MATERIAL PROVIDED.
- - -

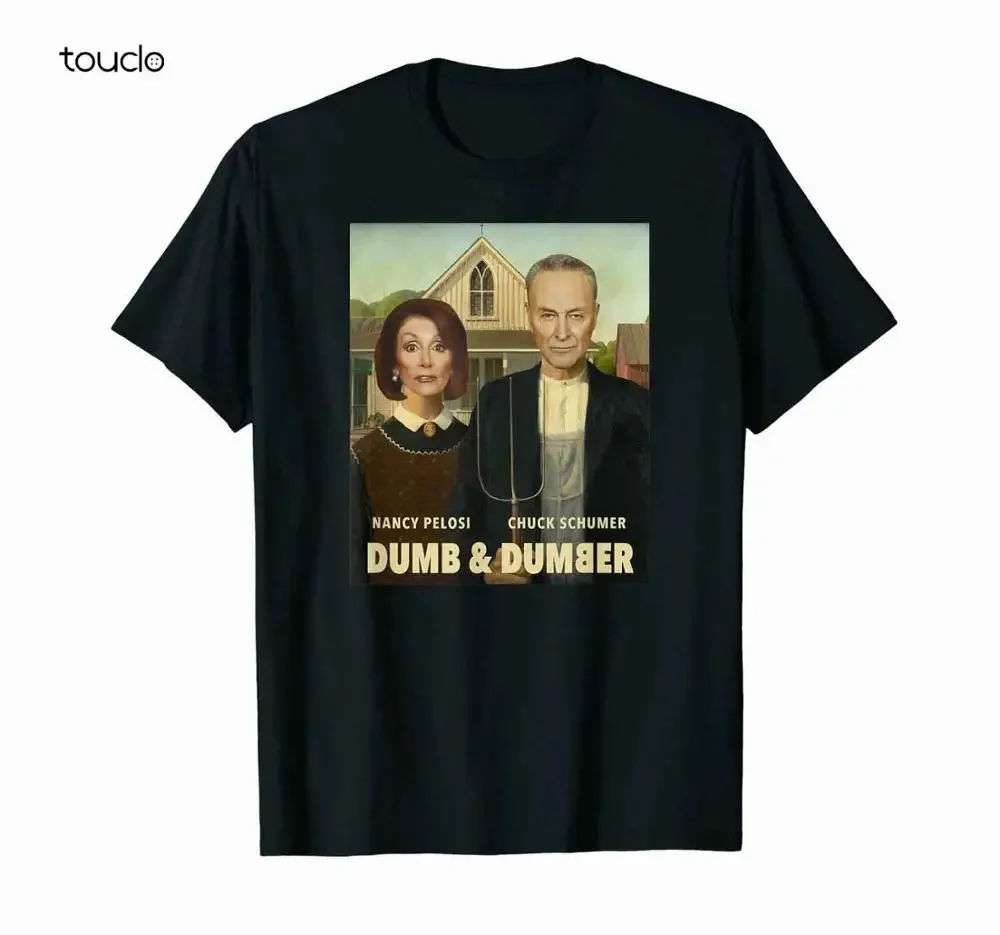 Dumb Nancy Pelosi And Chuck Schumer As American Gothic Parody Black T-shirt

- - -

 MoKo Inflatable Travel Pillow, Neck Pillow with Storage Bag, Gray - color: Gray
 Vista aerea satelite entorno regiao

- - -

TASK TO CARRY OUT.
Among the records above, repeat exactly the line with "MoKo Inflatable Travel", the line with "Vista aerea satelite entorno regiao", and every line in between, and only those.

WRITTEN SOLUTION.
 MoKo Inflatable Travel Pillow, Neck Pillow with Storage Bag, Gray - color: Gray
 Vista aerea satelite entorno regiao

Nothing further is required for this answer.